With Michael Marsh's appointment in 1973 the department was in a strong position, with six members (Chubb, Thornley, Keatinge, Hill, O'Day and Marsh), and seemed poised for growth given the high levels of interest among students in the study of politics. Unfortunately, though, Michael Marsh's arrival in 1973 proved to be the last expansion appointment for a quarter of a century. The next three appointments were all replacements. Following John O'Day's departure, in 1977 James L Hyland (invariably known as Eddie Hyland) was appointed as the department's resident political theorist, a position that he retained up to his retirement in 2010 and indeed beyond, as he continued teaching on a part-time basis in the department until the end of the 2014–15 academic year. Hyland was only the second member of staff to have completed a PhD before he took up his post; all previous appointees, apart from Bernice Hamilton, had still been working on theirs when initially appointed. His book Democratic Theory: the philosophical foundations (Manchester: Manchester University Press, 1995) is an outstanding analysis of the concept of democracy, a concept that 'has come to reign supreme in the pantheon of political ideas'. The book Raj Chari (ed.), Hard Questions for Democracy (Abingdon: Routledge, 2013) is in effect a festschrift for Dr Hyland.

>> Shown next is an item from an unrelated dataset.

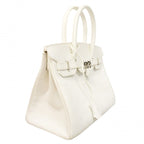 Hermes Handbag Birkin 30 Veau Epsom White Silver — view 2
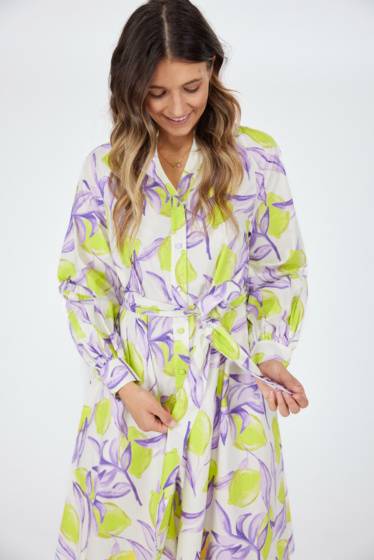 Lieblingsstück Durchgeknöpftes Kleid mit Lemon Print Muttertagsangebot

In 1979 Michael Gallagher was appointed to the vacant lectureship created by the untimely death of David Thornley, becoming the tenth permanent appointment to the department, and in 1993, following Basil Chubb's retirement, Michael Laver became the second Professor of Political Science, as noted above. From 1979 to 1991 the department displayed a level of stability that was remarkable even in that era; it consisted of the same six individuals (Chubb, Keatinge, Hill, Marsh, Hyland and Gallagher), and only of these six, each of whom was to serve at least 36 years in the department.
At that time (and indeed later) the department was fortunate to have a series of particularly dedicated and efficient administrative staff, then termed secretaries but later executive officers (EOs) to reflect their range of responsibilities. Its last EO while in House 6 (see section below on Location) was Carol O'Sullivan, who took part in the move to the Arts Building, and she was succeeded by Gillian McGarry (1979–81). Orla Sheehan was then the Political Science EO for four years (1981–85) and she has gone on to hold a range of senior administrative positions within Trinity at both School and Faculty level and in the Office of the Vice-Provost. The longest serving EO was Miriam Nestor (1985–2000), who was not only a great support for staff and a helpful and welcoming presence for undergraduates but also provided a particularly sympathetic ear for PhD students in the early and very demanding days of the department's integrated PhD programme after its introduction in 1995.
Not until the appointment of Ken Benoit as a Lecturer in 1998 did academic staff numbers rise beyond their 1973 level. The arrival of Raj Chari as a Lecturer in 1999 marked a further expansion, but the next permanent appointment, that of Gail McElroy as a Lecturer in 2005, was in effect a replacement for Michael Laver following his departure for New York. More recent arrivals and departures are noted in the News and News Archive pages, and information on current staff can be found on the Staff page.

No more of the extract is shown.